TASK TO COMPLETE
What needs reproducing is the run of lines in the data below starting at the line with "Başkan Koloğlu, bisikletlileri" and ending at the line with "neredeyse tüm dersliklerinde", both ends included. Copy it exactly, without pictures, and add nothing.

MATERIALS PROVIDED
BEGIN
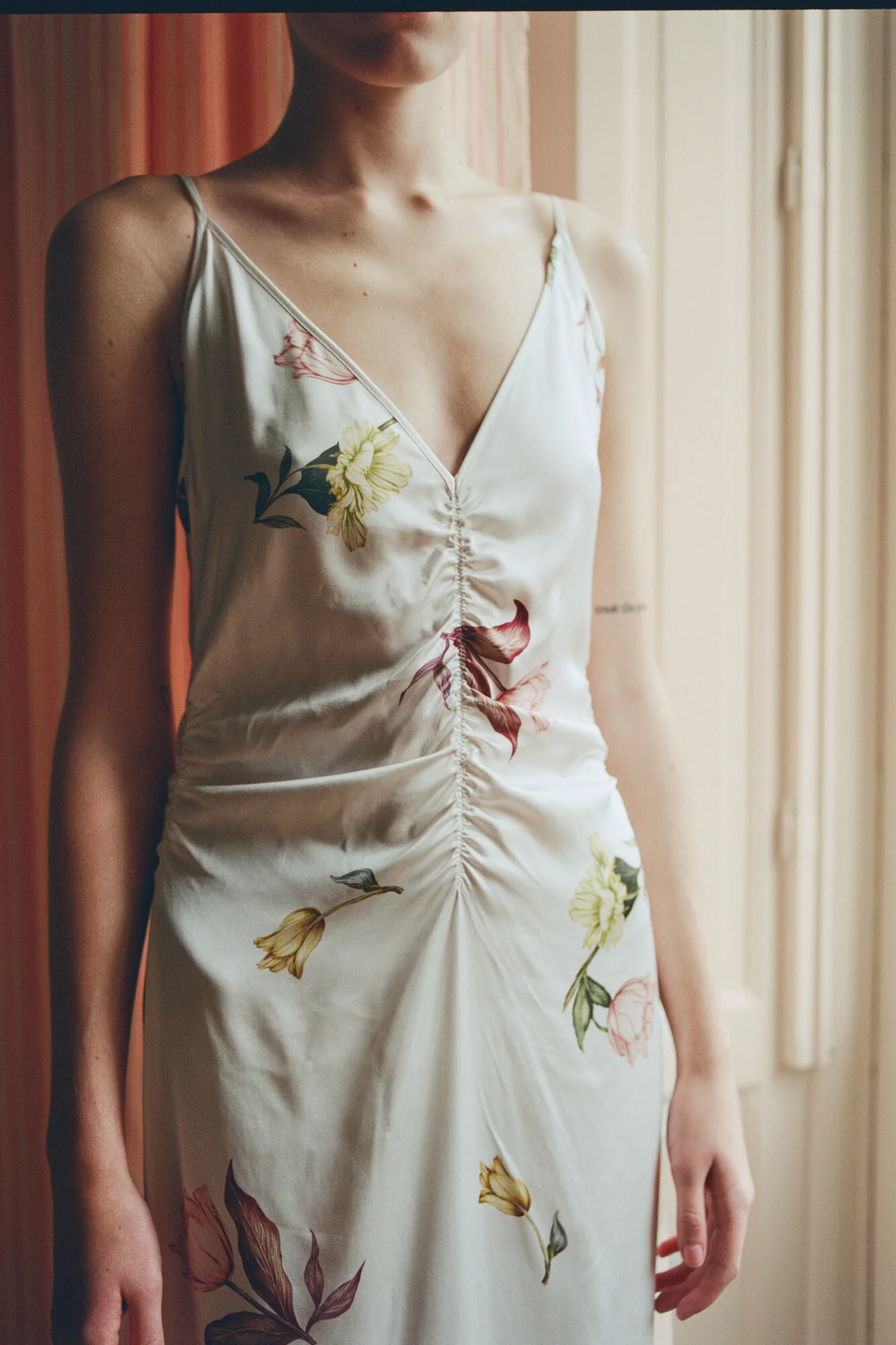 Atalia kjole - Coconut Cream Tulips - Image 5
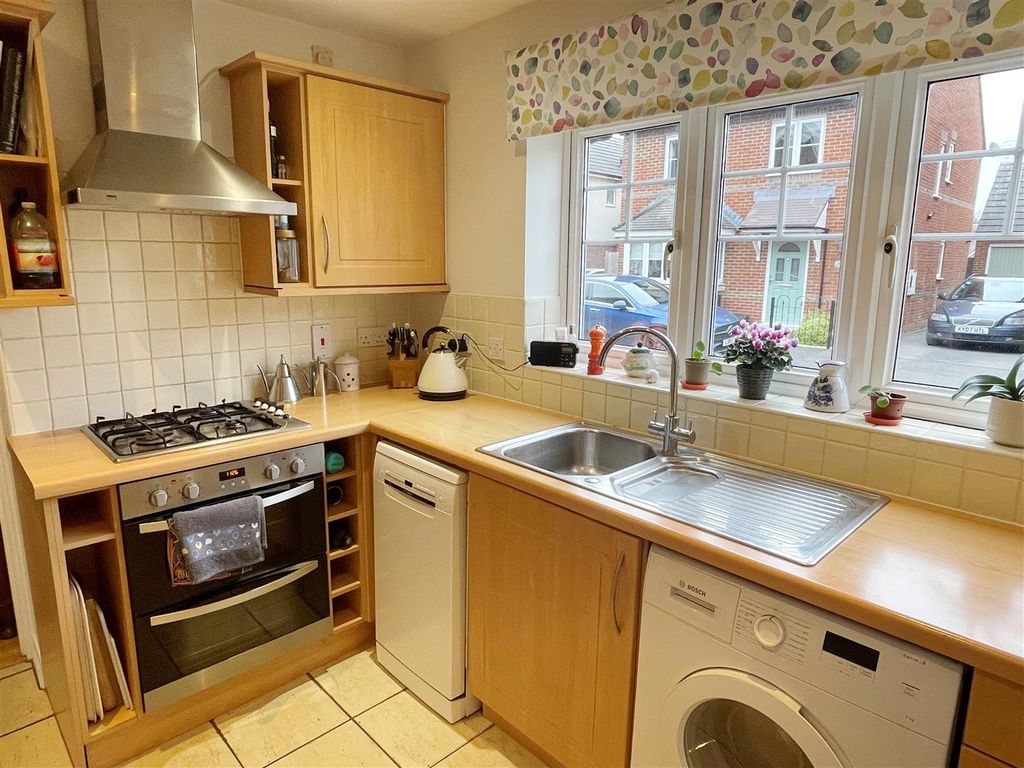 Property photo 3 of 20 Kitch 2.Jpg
END
BEGIN
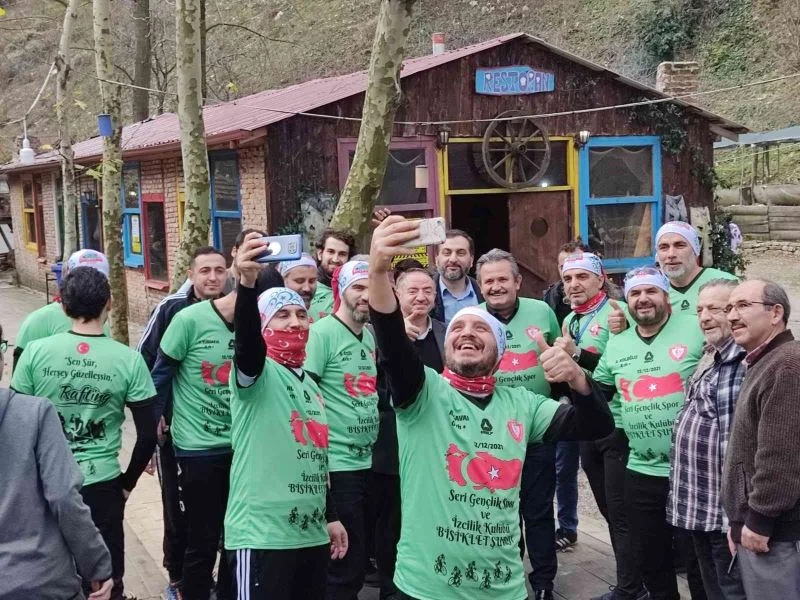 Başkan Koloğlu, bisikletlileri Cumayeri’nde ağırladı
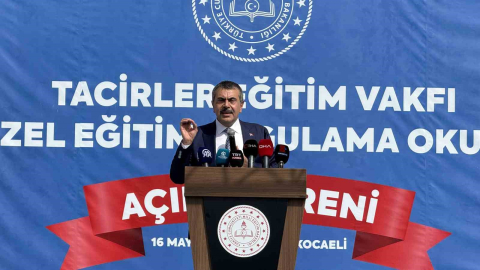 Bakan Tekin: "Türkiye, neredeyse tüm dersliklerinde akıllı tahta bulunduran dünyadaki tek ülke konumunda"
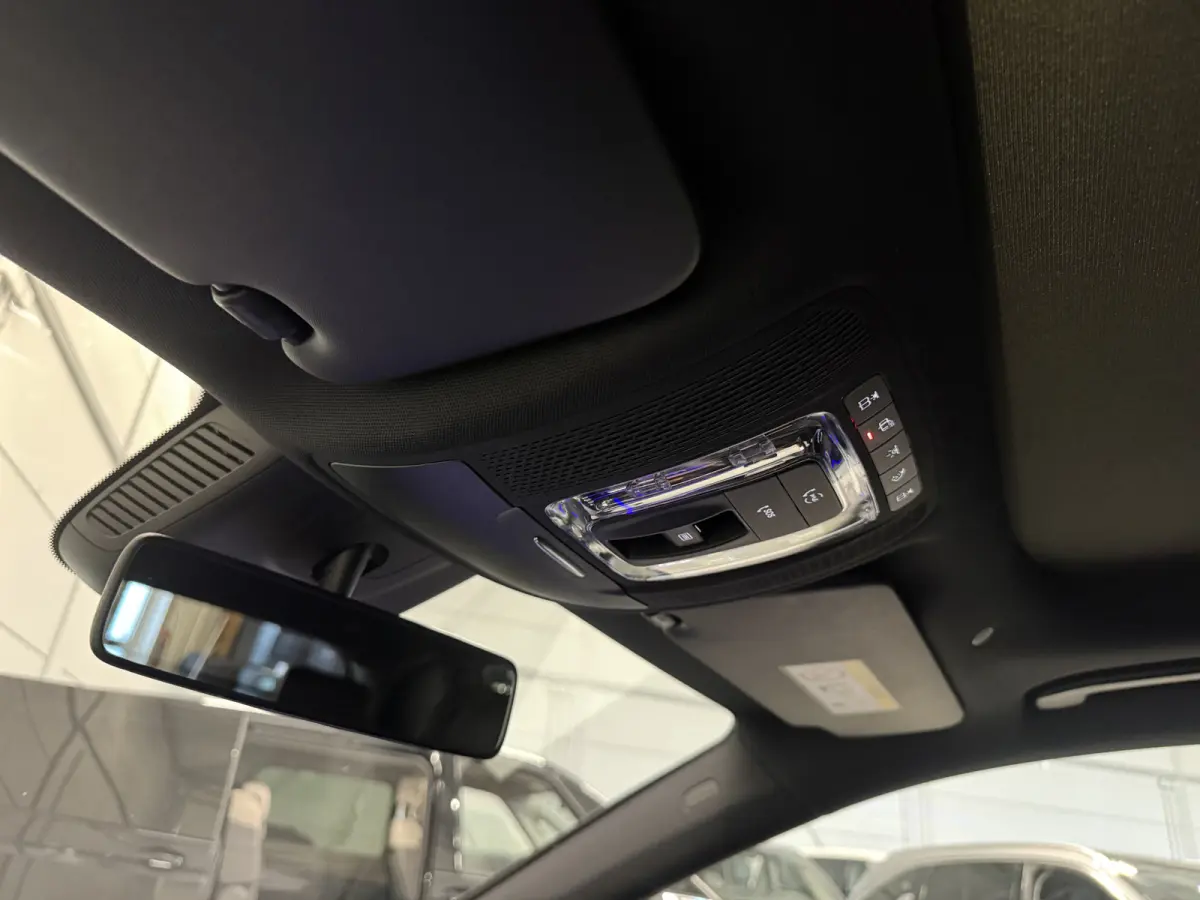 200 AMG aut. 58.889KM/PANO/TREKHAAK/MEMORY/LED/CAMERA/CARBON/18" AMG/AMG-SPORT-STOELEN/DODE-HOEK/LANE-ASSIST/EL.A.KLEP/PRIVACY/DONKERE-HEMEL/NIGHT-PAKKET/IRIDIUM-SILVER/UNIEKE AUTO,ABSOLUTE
END
RESPONSE TO THIS EXERCISE
 Başkan Koloğlu, bisikletlileri Cumayeri’nde ağırladı
 Bakan Tekin: "Türkiye, neredeyse tüm dersliklerinde akıllı tahta bulunduran dünyadaki tek ülke konumunda"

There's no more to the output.